==== Records supplied
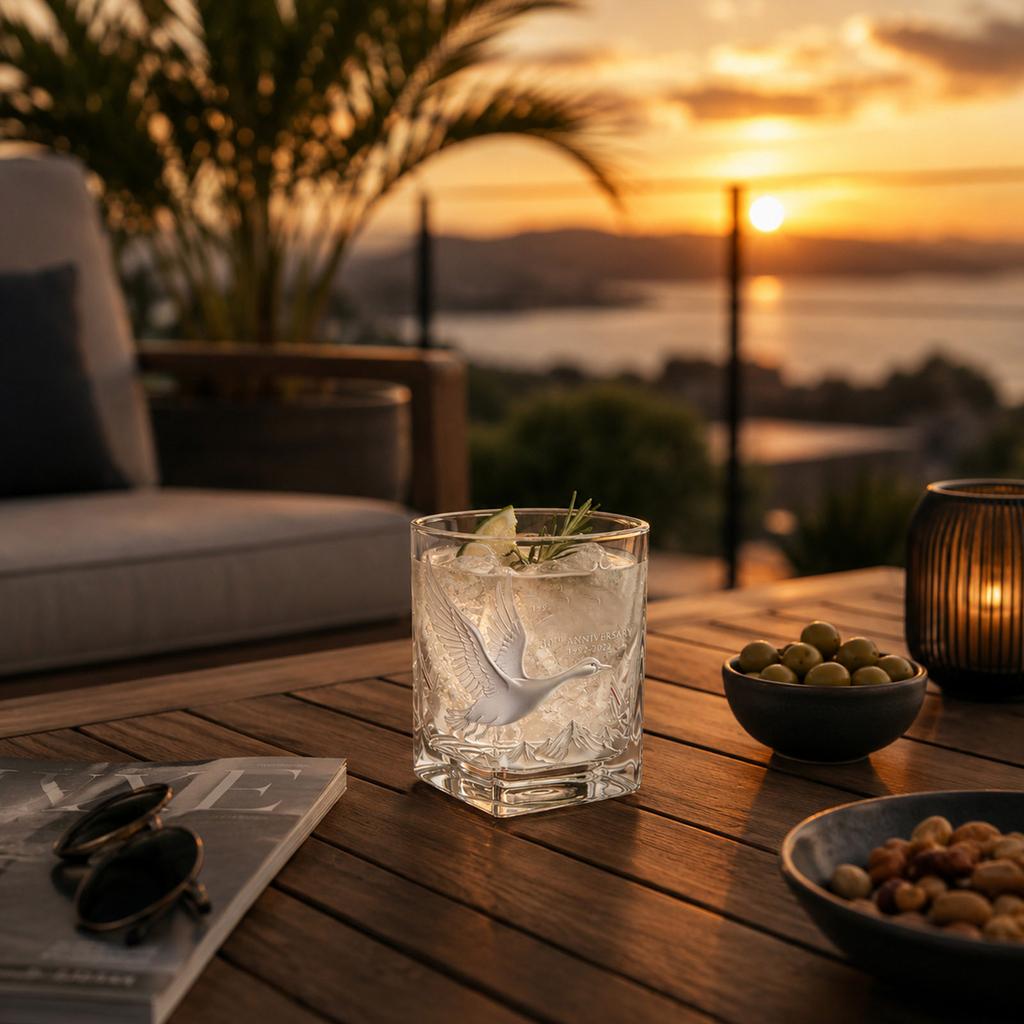 Square Glass Tumbler with Embossed Flying Swan and Mountain Design 30th Anniversary Edition Whiskey Water Juice Glass Cup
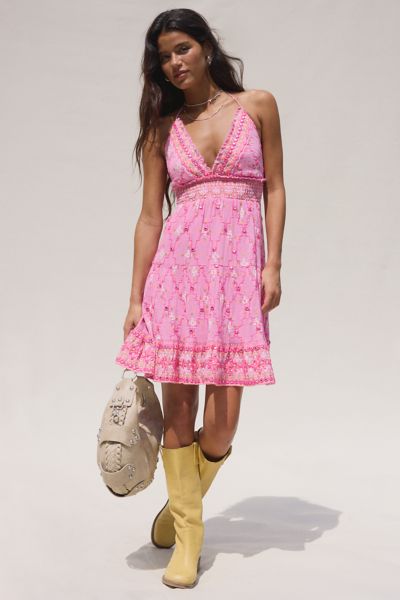 Kimchi Blue Phoebe Embellished Cotton Open-Back Knee Length Dress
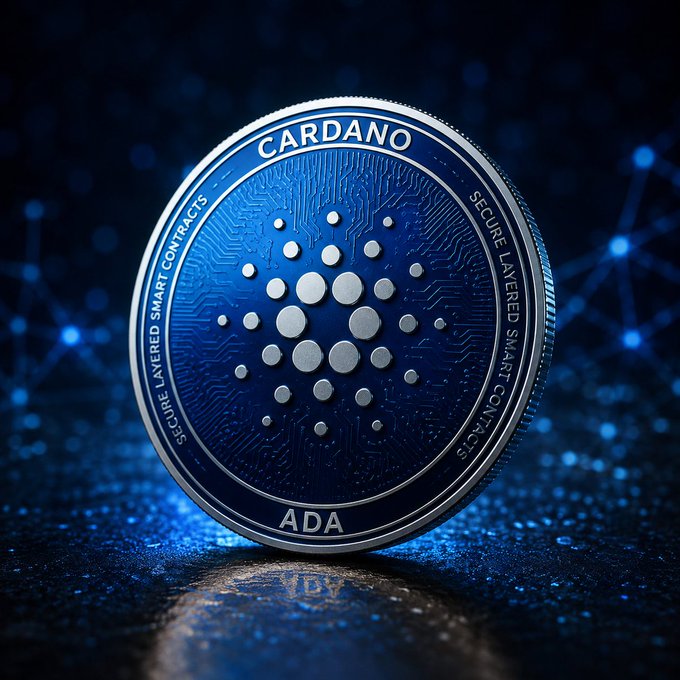 A blue Cardano (ADA) cryptocurrency coin featuring its logo and text about 'SECURE LAYERED SMART CONTRACTS' displayed against a digital blue background.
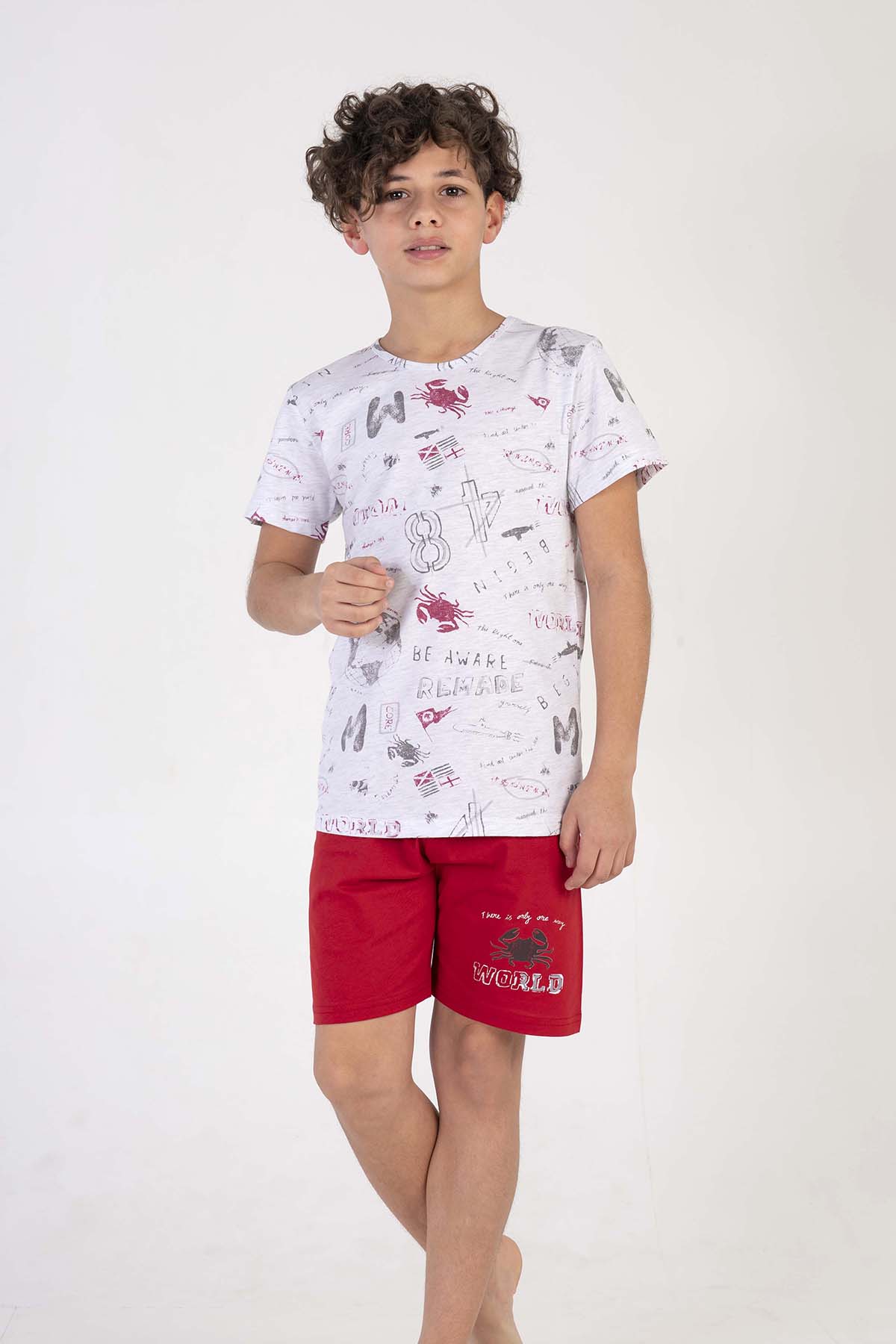 Erkek Çocuk Kısa Kol Şortlu Pijama Takım
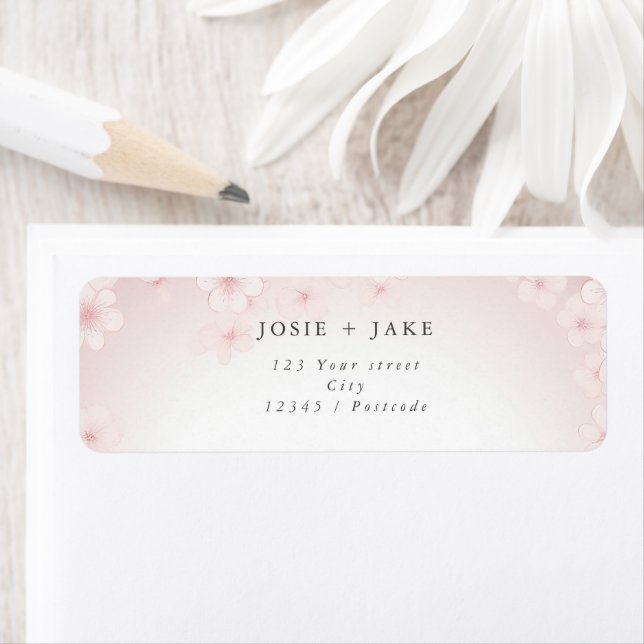 Cherry blossom pink background return address label (Insitu)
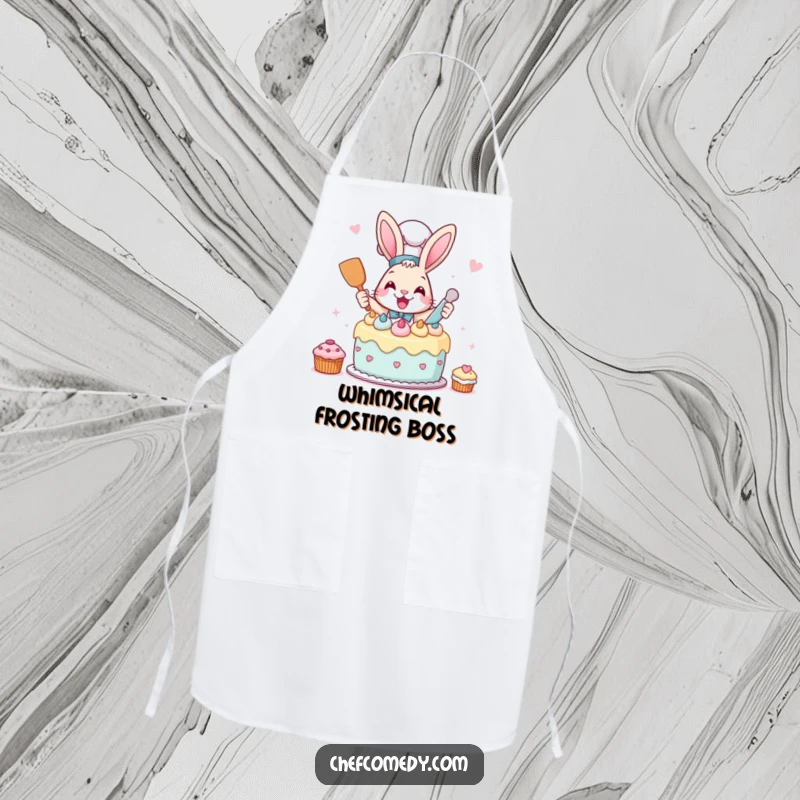 Funny Rabbit Chef Apron showing a rabbit chef frosting a cake, perfect for humorous baking sessions.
========
- Instructions to follow -
Reproduce the lines from the one with "A blue Cardano" through the end of the data, keeping both end lines, adding nothing, and dropping any pictures.

- Response area -
 A blue Cardano (ADA) cryptocurrency coin featuring its logo and text about 'SECURE LAYERED SMART CONTRACTS' displayed against a digital blue background.
 Erkek Çocuk Kısa Kol Şortlu Pijama Takım
 Cherry blossom pink background return address label (Insitu)
 Funny Rabbit Chef Apron showing a rabbit chef frosting a cake, perfect for humorous baking sessions.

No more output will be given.